NBC Sports Adds Atmos Audio to Its Notre Dame 4K HDR Series

Olympics experience helps shape immersive sound for college football

An ongoing test of 4K HDR video has been joined by its audio counterpart. This year, NBC Sports Group’s broadcasts of Notre Dame home games in the next-generation format, which have been taking place since the 2016 season, will for the first time also include audio in Dolby’s Atmos format as a single production truck outputting two formats instead of the customary side-by-side two-truck production. These broadcasts continue to be distributed exclusively by DirecTV.

“It makes total sense that, if you’re delivering the video in very high definition — in this case, 1080p HDR — it should be paired with next-generation audio,” observes Karl Malone, director, sound design, NBC Sports and NBC Olympics, who supervised NBC Sports’ deployment of Atmos for Olympics coverage at both the 2016 Rio Summer Games and the 2018 PyeongChang Winter Games. “I’m a great believer in tying [HD] formats together.”

Karl Malone on roof of Notre Dame Stadium with one of the height mics for NBC Sports Group’s Dolby Atmos audio

What set this event apart was that NBC Sports was able to deploy the entire sound-capture array itself. “At the Olympics,” Malone explains, “we don’t have complete control over where the microphones are placed; we’re essentially [taking] splits from the host broadcaster. The Notre Dame games are completely our own sound design and workflow.”

NEP’s ND6 mobile production unit, which has been used for the past two seasons of the Notre Dame 4K HDR broadcasts, was outfitted with four overhead speakers to accommodate the 5.1+4 Atmos mix, along with a Dolby DP570 processor to emulate 5.1 and stereo downmixes.

“We are testing Atmos upmixing also,” Malone adds. “We are upmixing our 5.1 edit content in the truck to 5.1.4 as well as commercials, so the experience is continually immersive.”

Noting that the NBC/DirecTV broadcast was the first live U.S.-based major sports event in Dolby Atmos, Dolby Senior Director, Pro Products and Solutions, Jean-Christophe Morizur, says, “Dolby Atmos enhances the viewing experience with powerful moving audio that flows above and around you. From the comfort of their home, Dolby Atmos will bring football fans closer to the action as if they are sitting in the stadium.”

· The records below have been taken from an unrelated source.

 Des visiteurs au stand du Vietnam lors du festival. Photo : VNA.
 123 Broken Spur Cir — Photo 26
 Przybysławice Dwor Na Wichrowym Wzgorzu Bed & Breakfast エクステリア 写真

Atmos in Action at Notre Dame
Pulling in audio sources from a pair of parabolic mics on the sidelines and from a mix on the SkyCam (college leagues do not allow players to be miked, which Malone laments as “the missing link”) and working at a Calrec Artemis console, A1 Doug Deems and his crew placed the close-in crowd in the 5.1 plane of the mix, with the front and back channels filled with near-crowd sounds of cheering and clapping effects; the ceiling speaker array was split between the Notre Dame side of the stands on the left and the visitor’s side on the right, picked up by pairs of Audio-Technica BP4029 stereo shotguns that provided a discrete height effect. Two pairs of omnidirectional “spot” microphones capture the home and visitor’s bands, letting both be heard in stereo on their respective sides of the height plane.

“You’re hearing the general near-crowd noise all around you, and the stadium-wide crowd ambience above you, which really opens that plane up nicely to the roof, in a dome above your head,” Malone says. “You’re getting the [military] flyovers really flying over you. We’re able to place things in positions we never could before. The listener is now really able to differentiate specific elements in the mix.”

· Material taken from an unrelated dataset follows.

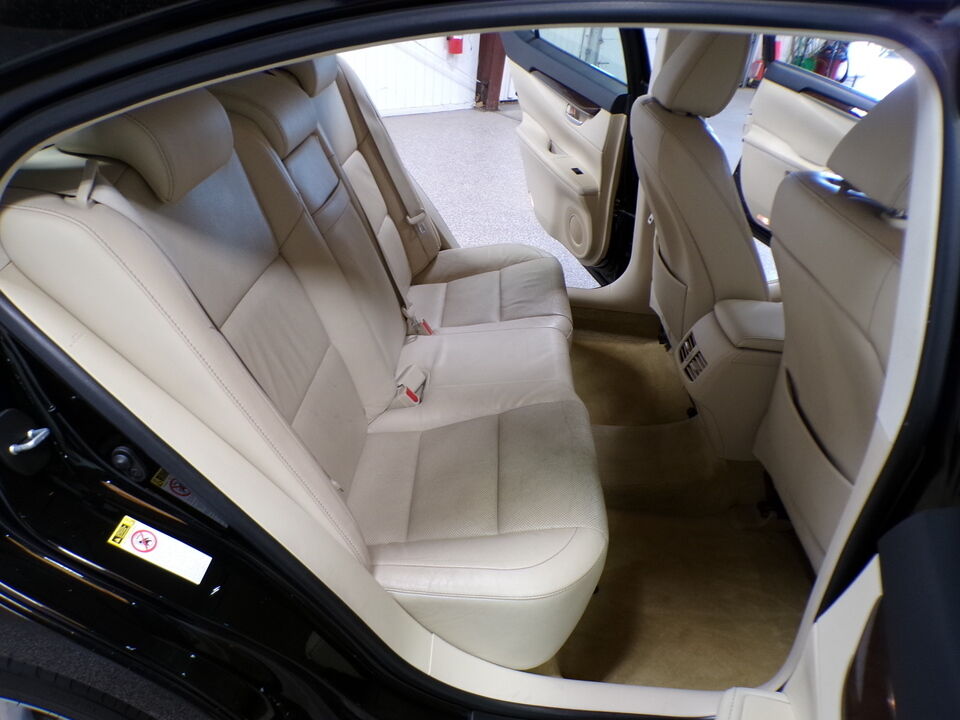 2013 Lexus ES 350  - Tom's Credit City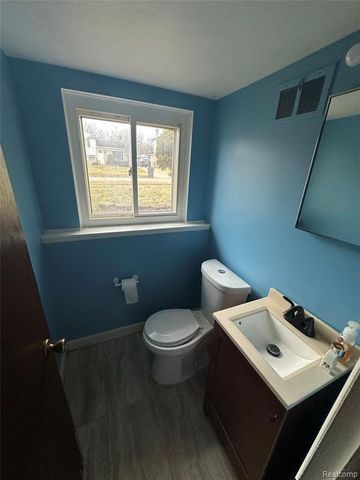 11119 Dudley Street, Taylor, MI 48180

Doug Deems, NBC’s A1 on the Notre Dame 4K HDR/Atmos broadcasts, at the Calrec Artemis console aboard NEP’s ND6 unit in South Bend, IN

The audio is being sent as PCM audio to Englewood Cliffs, NJ, where it’s encoded into the Atmos format through a Dolby DP591 encoder, which can be monitored at the truck through a DP590 emulation processor.

Each week brings a few new tweaks to the mixing strategy. For instance, says Malone, during the second game, more band audio was added after touchdowns. “Then we hear the crowd reacting to both the touchdown and the band. It really puts you in there.”

He notes that Atmos is ready for prime time. “We don’t feel like we’re testing it anymore. Immersive audio won’t necessarily be right for every sport,” he adds, “but, for the ones that it is a good match for, like football, the impact will be incredible.”